I tend to be considering who the "protagonist" of the dream is at any given time and switching my viewpoint accordingly. And I'm not often entirely "in character"; I was Runner for a lot of his dream, and the Monkey for most of hers, but I was simultaneously kind off to the side criticizing their decisions to myself. (Atypically, I was never Deathle or Zone in the Ten no SINzou dream; just the cyborg woman with the gun, very briefly. The rest was kind of a flashback sequence I was watching or a TV Tropes article I was reading/editing.)
In my more normal dreams - anxiety dreams about airports or school, dreams where I'm just shopping or something, etc. - I usually stick to the same viewpoint the whole time, and my decisions are more immediate and more clearly my own. Also, I'm very rarely anyone other than myself in those dreams.
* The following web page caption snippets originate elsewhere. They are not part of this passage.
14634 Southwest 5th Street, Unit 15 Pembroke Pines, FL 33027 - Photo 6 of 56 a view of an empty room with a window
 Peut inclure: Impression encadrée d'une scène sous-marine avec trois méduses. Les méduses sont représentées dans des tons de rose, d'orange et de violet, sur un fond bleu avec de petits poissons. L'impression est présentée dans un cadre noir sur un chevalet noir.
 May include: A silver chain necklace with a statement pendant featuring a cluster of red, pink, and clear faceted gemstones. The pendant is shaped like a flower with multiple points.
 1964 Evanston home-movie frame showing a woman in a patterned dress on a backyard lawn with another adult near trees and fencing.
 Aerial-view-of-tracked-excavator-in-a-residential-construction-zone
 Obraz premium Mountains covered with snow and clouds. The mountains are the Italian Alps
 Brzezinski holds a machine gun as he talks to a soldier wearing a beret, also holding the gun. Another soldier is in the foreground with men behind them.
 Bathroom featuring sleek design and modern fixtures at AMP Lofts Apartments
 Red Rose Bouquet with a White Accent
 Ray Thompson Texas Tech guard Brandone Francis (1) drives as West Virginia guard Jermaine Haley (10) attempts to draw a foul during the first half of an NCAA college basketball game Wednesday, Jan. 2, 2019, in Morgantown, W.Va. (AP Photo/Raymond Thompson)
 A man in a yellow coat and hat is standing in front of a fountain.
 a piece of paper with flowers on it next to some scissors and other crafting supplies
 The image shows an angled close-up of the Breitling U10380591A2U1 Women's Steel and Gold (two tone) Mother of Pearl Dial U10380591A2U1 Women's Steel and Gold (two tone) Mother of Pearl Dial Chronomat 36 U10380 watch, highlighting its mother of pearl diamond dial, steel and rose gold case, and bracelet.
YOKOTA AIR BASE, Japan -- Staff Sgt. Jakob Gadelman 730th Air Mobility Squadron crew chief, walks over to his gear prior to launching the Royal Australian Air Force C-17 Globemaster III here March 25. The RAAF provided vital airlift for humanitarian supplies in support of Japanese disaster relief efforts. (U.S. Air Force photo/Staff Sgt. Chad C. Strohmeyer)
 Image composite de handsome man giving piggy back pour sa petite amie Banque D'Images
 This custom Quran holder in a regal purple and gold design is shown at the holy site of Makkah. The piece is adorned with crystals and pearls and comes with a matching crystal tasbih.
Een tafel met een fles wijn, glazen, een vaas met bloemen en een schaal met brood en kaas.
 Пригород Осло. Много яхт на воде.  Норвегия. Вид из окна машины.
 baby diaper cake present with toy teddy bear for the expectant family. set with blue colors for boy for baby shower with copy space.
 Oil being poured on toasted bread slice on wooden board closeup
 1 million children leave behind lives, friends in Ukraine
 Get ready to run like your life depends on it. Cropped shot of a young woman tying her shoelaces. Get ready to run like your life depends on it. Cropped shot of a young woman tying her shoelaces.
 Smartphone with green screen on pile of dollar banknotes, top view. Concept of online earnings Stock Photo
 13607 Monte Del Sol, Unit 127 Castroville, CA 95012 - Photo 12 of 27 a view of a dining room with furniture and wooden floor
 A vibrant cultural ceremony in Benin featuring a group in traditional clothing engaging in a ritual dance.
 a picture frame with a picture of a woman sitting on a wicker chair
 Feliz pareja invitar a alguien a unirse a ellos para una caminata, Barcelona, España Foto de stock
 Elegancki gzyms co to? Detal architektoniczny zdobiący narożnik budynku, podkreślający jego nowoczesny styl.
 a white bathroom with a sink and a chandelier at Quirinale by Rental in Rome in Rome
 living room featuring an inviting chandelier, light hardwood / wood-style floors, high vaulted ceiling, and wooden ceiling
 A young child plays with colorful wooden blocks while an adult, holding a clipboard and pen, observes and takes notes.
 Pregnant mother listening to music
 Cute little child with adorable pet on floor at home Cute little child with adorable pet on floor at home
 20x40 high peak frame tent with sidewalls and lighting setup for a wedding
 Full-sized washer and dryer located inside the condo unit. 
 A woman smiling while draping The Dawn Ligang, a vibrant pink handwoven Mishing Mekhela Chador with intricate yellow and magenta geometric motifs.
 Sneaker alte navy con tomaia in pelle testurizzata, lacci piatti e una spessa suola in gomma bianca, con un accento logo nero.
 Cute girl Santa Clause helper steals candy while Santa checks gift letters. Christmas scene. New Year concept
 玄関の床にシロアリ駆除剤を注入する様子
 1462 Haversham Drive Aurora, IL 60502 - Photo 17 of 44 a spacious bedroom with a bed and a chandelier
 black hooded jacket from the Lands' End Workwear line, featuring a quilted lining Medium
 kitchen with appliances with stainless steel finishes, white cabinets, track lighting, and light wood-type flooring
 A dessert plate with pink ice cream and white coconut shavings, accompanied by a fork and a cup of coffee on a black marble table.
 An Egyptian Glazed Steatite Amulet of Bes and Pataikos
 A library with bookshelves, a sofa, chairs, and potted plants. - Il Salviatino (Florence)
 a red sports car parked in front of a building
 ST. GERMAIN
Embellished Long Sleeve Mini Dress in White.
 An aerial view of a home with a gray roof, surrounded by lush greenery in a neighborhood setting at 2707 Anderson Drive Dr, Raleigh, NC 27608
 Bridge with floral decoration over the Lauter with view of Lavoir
2) For the duration of the lucid-dreaming-obsessed period, write down all your dreams. I don't know if it's necessary that you use a pretty overpriced notebook purchased from Barnes and Noble that says "Night Dreams" on one side and when you flip it over "Day Dreams" on the other. It's possible, though.
3) Play a lot of video games and watch very little TV.
Okay, I have no evidence that this is actually related. However: Allegedly the people-dreaming-only-in-black-and-white thing is largely confined to those who were raised with black-and-white televisions in their homes. When color came along, the effect went away.
So maybe the format of the narratives we consume somehow affects the format of our dreams. If so, then it seems reasonable that video games, in which the consumer plays an active role in deciding the direction of the narrative (or, you know, at least in the direction the character's walking), would do something different to the brain than television and movies, which are more passive mediums.
I don't know how changeable this is later in life; for me, definitely somewhat. I've found that changing what sorts of stories I'm consuming changes the format of my dreams - if I'm playing a lot of Disgaea, my dream-people are likely to have bars over their heads showing how close they are to death, and the boring parts of conversations turn skippable. If I've been reading a lot of bad paranormal romances, settings turn very sketchy and, uh, the guys are all creepy alpha males or magical serial killers. (Paranormal romances, why do I keep reading you.) I don't want to discuss what happened when I watched Yami no Matsuei, but explosions of flowers were involved. And while not technically a narrative, heavy Second Life use makes for bad texturing, lamps that are just a cone on top of an orb, and John Norman references. (...maybe I make bad choices just in general.)
4) Eat chocolate right before bed. This goes back to the bad choices thing.
5) Work on your YA novel about Dark Lords right before bed and fall asleep brooding over it.
This is actually probably the most obvious explanation for the whole thing.